Wakil Wali Kota Bontang Agus Haris. (Frekuensi.co,/ist)

Frekuensi.co,BONTANG – Bayang-bayang pemutusan kontrak massal bagi Pegawai Pemerintah dengan Perjanjian Kerja (PPPK) mulai menghantui berbagai daerah di Indonesia. Hal ini menyusul rencana pemberlakuan Undang-Undang Nomor 1 Tahun 2022 tentang Hubungan Keuangan antara Pemerintah Pusat dan Pemerintahan Daerah (UU HKPD) pada tahun depan.

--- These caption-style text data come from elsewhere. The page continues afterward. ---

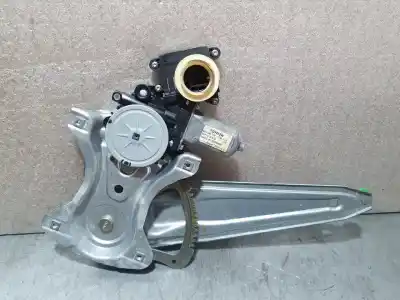Recambio de automóvil de segunda mano de ELEVALUNAS TRASERO IZQUIERDO para TOYOTA AURIS  referencias OEM IAM   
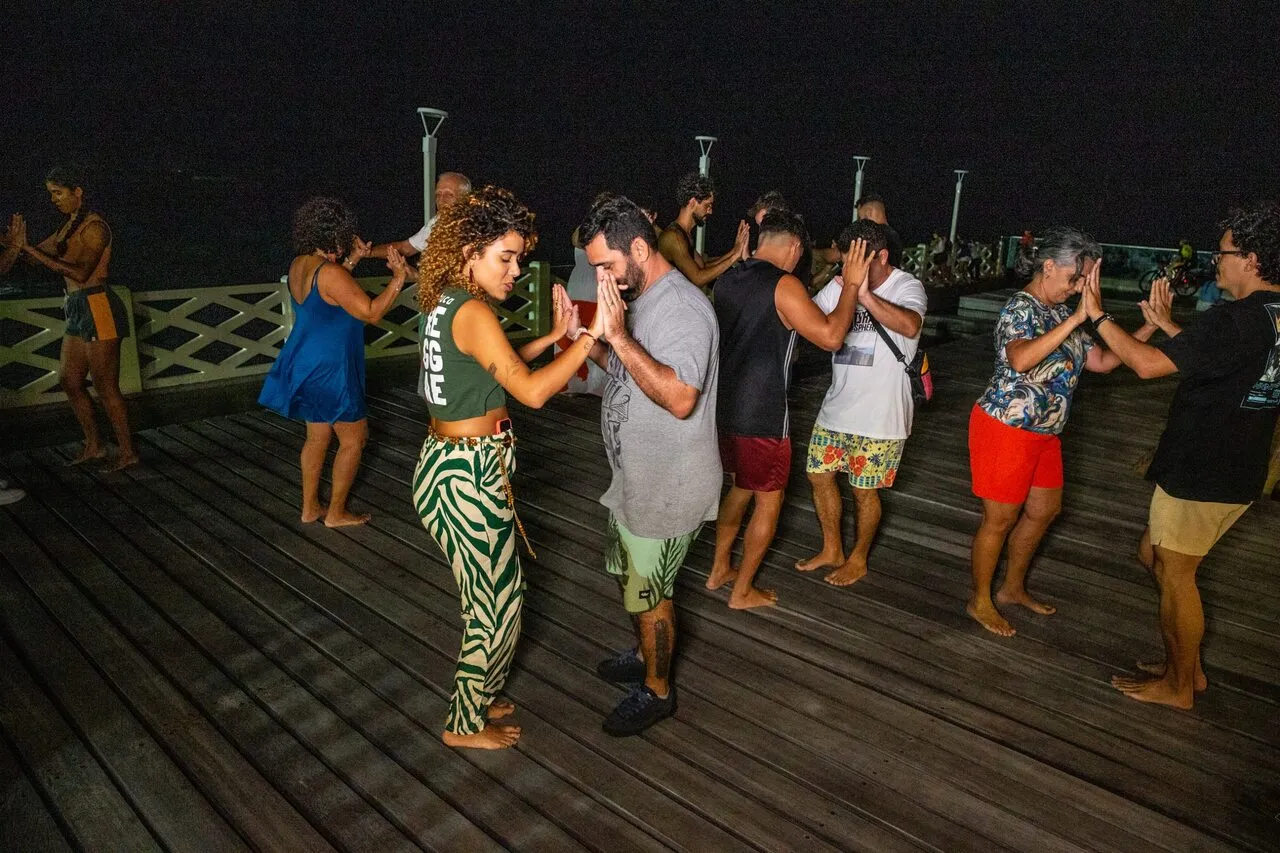 Turma para iniciantes na Praia de Iracema vai do passinho individual ao passo do reggae 'a dois'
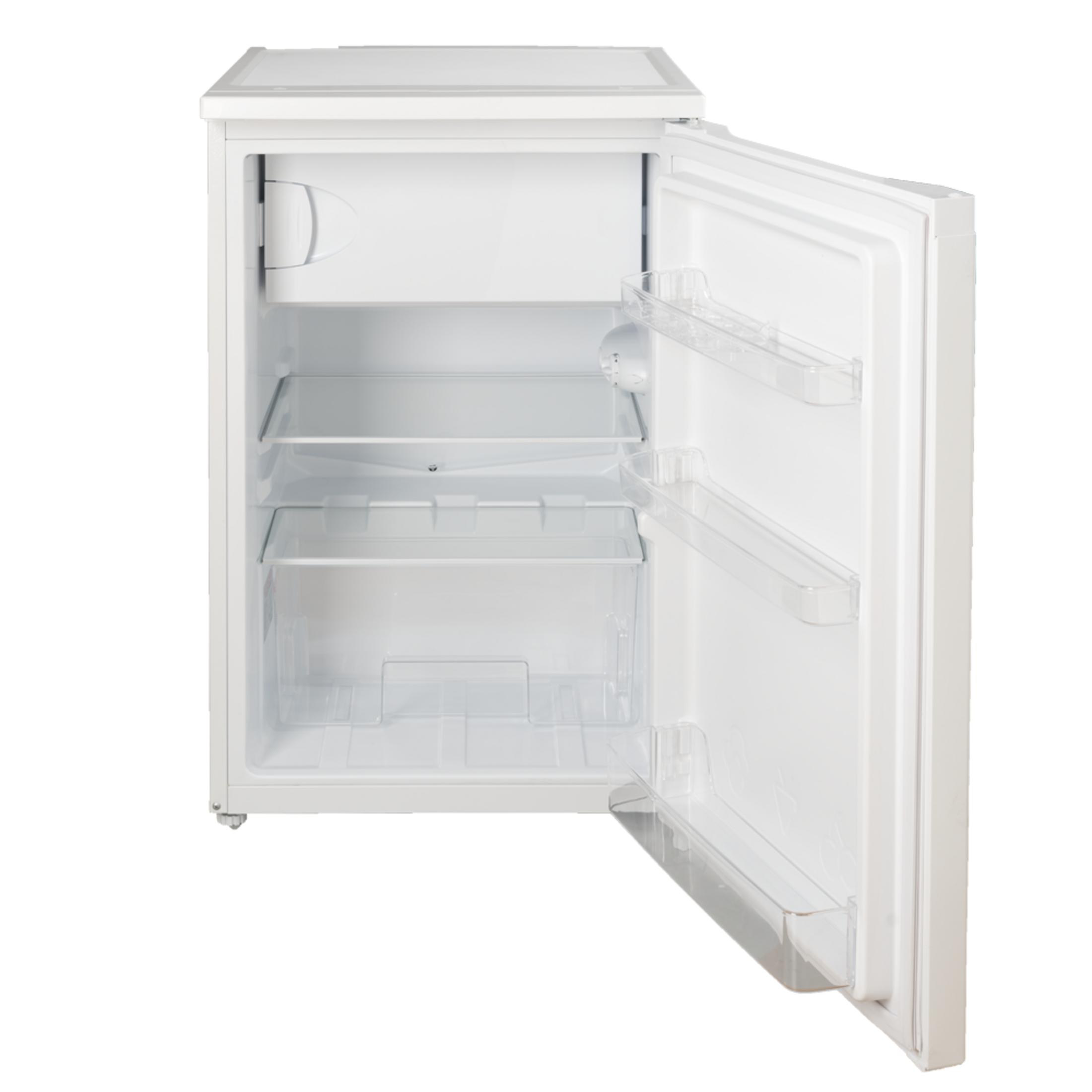 Un refrigerador blanco con la puerta abierta, mostrando estantes y cajones vacíos dentro.
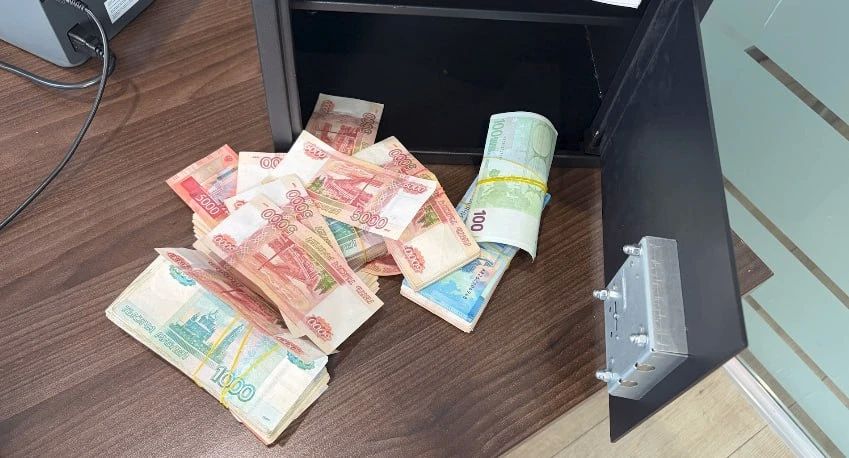 — Какой объем в день вы обменивали? — Средняя цифра была около 30 миллионов — Какой объем в день вы обменивали? — Средняя цифра была около 30 миллионов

Salah satu poin krusial dalam beleid tersebut adalah Pasal 146 ayat 1, yang membatasi alokasi belanja pegawai di daerah maksimal sebesar 30 persen dari total APBD. Aturan ini memicu kekhawatiran bagi daerah dengan kapasitas fiskal rendah, seperti Pemerintah Provinsi Nusa Tenggara Timur (NTT) yang dikabarkan tengah mewacanakan perumahan 9.000 tenaga PPPK akibat keterbatasan anggaran.

Kondisi Fiskal Bontang Masih Aman

Di tengah isu tersebut, Wakil Wali Kota Bontang, Agus Haris, memberikan angin segar bagi para tenaga honorer dan PPPK di wilayahnya. Ia memastikan bahwa Pemerintah Kota Bontang tidak akan melakukan langkah serupa dengan merumahkan pegawainya.

Saat ini, tercatat ada 211 PPPK penuh waktu dan 1.424 tenaga paruh waktu yang menggantungkan nasib di lingkungan Pemkot Bontang. Agus Haris menegaskan bahwa postur belanja pegawai Kota Bontang saat ini masih berada di bawah ambang batas 30 persen yang ditetapkan undang-undang.

“Berdasarkan proyeksi yang kami miliki, kami berkeyakinan tidak akan ada perumahan bagi PPPK, baik yang penuh waktu maupun paruh waktu,” tegas pria yang akrab disapa AH tersebut.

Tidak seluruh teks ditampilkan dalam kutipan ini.